Quand tous les Russes sauront que nous sommes si forts, il n’y aura plus besoin de guerres ; l’Europe croira en nous ; elle nous découvrira, comme jadis l’Amérique. Mais il faut pour cela que nous nous découvrions nous-même avant tout et que nous n’ignorions plus que toute désunion chez nous est une folie, que nous devons toujours marcher avec notre peuple.


II


LA GUERRE N’EST PAS TOUJOURS UN FLÉAU
MAIS BIEN PARFOIS LE SALUT


Mais nos « sages » se sont cramponnés à l’autre côté de la question. Ils prêchent l’amour, l’humanité ; ils pleurent sur le sang que l’on va verser, ils gémissent en songeant que cette guerre nous rendra encore plus « bestiaux », que, partant, nous tournons le dos en cette perfection qu’ils rêvaient pour nous tous.
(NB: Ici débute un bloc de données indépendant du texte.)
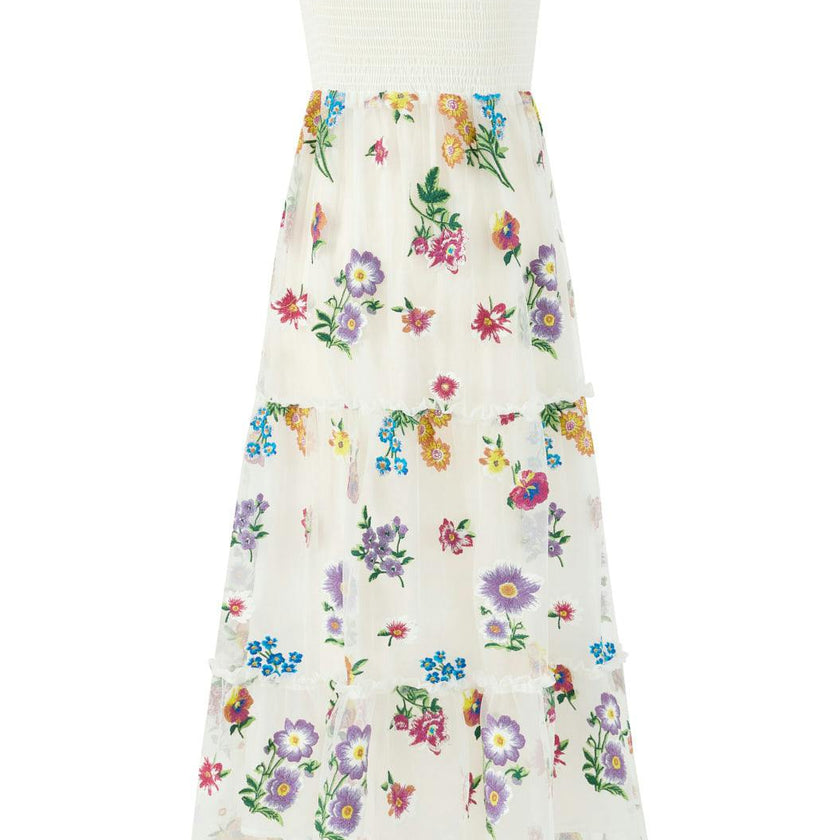 Carly Embroidered Maxi Dress
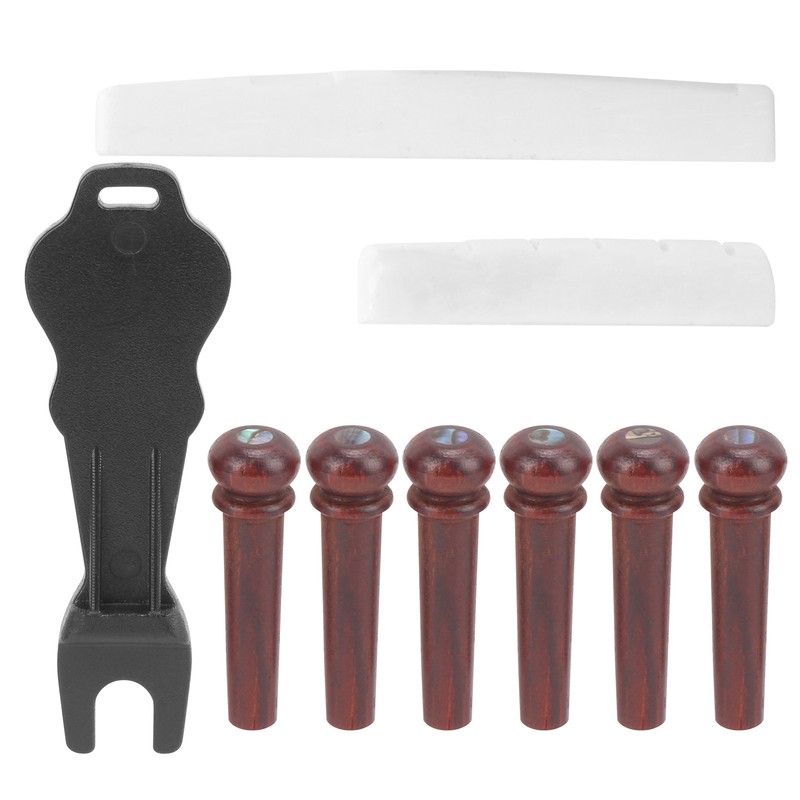 Guitar Bridge Pin Pegs Puller Cocobolo Wood Stringed Instrument Accessories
Certes, la guerre est une grande calamité, mais dans les raisonnements de nos sages il entre une grande part d’erreur. Et puis nous en avons assez de tous ces sermons bourgeois ! Je, me figure qu’il y a plus de hauteur morale dans le fait de sacrifier sa vie pour ce que l’on croit une cause saine que dans tout le catéchisme bourgeois.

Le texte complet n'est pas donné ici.